The Fluss Rust client uses a unified Error type and a Result<T> alias for all fallible operations.

Basic Usage

use fluss::error::{Error, Result};

// All operations return Result<T>
let conn = FlussConnection::new(config).await?;
let admin = conn.get_admin().await?;
let table = conn.get_table(&table_path).await?;

Use the ? operator to propagate errors, or match on specific variants for fine-grained handling.

Matching Error Variants

use fluss::error::Error;

match result {
    Ok(val) => {
        // handle success
    }
    Err(Error::RpcError { message, .. }) => {
        eprintln!("RPC failure: {}", message);
    }
    Err(Error::UnsupportedOperation { message }) => {
        eprintln!("Unsupported: {}", message);
    }
    Err(Error::FlussAPIError { api_error }) => {
        eprintln!("Server error: {}", api_error);
    }
    Err(e) => {
        eprintln!("Unexpected error: {}", e);
    }
}

Error Variants

VariantDescription
UnexpectedErrorGeneral unexpected errors with a message and optional source
IoUnexpectedErrorI/O errors (network, file system)
RemoteStorageUnexpectedErrorRemote storage errors (OpenDAL backend failures)
RpcErrorRPC communication failures (connection refused, timeout)
RowConvertErrorRow conversion failures (type mismatch, invalid data)
ArrowErrorArrow data handling errors (schema mismatch, encoding)
IllegalArgumentInvalid arguments passed to an API method
UnsupportedOperationOperation not supported on the table type
FlussAPIErrorServer-side API errors returned by the Fluss cluster

Server side errors are represented as FlussAPIError with a specific error code.
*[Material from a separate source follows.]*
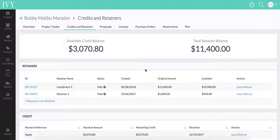What you'll need to do is issue a check or wire transfer, or pay your client back offline. And within Ivy, you'll be able to access all of the relevant credits and retainers that you need to reconcile by simply going to your credits and retainers tab.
Use the api_error() helper to match them ergonomically:

use fluss::error::FlussError;

match result {
    Err(ref e) if e.api_error() == Some(FlussError::InvalidTableException) => {
        eprintln!("Invalid table: {}", e);
    }
    Err(ref e) if e.api_error() == Some(FlussError::PartitionNotExists) => {
        eprintln!("Partition does not exist: {}", e);
    }
    Err(ref e) if e.api_error() == Some(FlussError::LeaderNotAvailableException) => {
        eprintln!("Leader not available: {}", e);
    }
    Err(ref e) if e.api_error() == Some(FlussError::AuthenticateException) => {
        eprintln!("Authentication failed: {}", e);
    }
    _ => {}
}

Common Error Scenarios

Connection Refused

The Fluss cluster is not running or the address is incorrect.

let result = FlussConnection::new(config).await;
match result {
    Err(Error::RpcError { message, .. }) => {
        eprintln!("Cannot connect to cluster: {}", message);
    }
    _ => {}
}

Table Not Found

The table does not exist or has been dropped.

use fluss::error::{Error, FlussError};

// Admin operations return FlussError::TableNotExist (code 7)
let result = admin.drop_table(&table_path, false).await;
match result {
    Err(ref e) if e.api_error() == Some(FlussError::TableNotExist) => {
        eprintln!("Table not found: {}", e);
    }
    _ => {}
}

// conn.get_table() wraps the error differently, match on FlussAPIError directly
let result = conn.get_table(&table_path).await;
match result {
    Err(Error::FlussAPIError { ref api_error }) => {
        eprintln!("Server error (code {}): {}", api_error.code, api_error.message);
    }
    _ => {}
}

Partition Not Found

The partition does not exist on a partitioned table.

use fluss::error::FlussError;

let result = admin.drop_partition(&table_path, &spec, false).await;
match result {
    Err(ref e) if e.api_error() == Some(FlussError::PartitionNotExists) => {
        eprintln!("Partition does not exist: {}", e);
    }
    _ => {}
}

Authentication Failed

SASL credentials are incorrect or the user does not exist.

use fluss::error::{Error, FlussError};

let result = FlussConnection::new(config).await;
match result {
    Err(ref e) if e.api_error() == Some(FlussError::AuthenticateException) => {
        eprintln!("Authentication failed: {}", e);
    }
    _ => {}
}

Schema Mismatch

Row data does not match the expected table schema.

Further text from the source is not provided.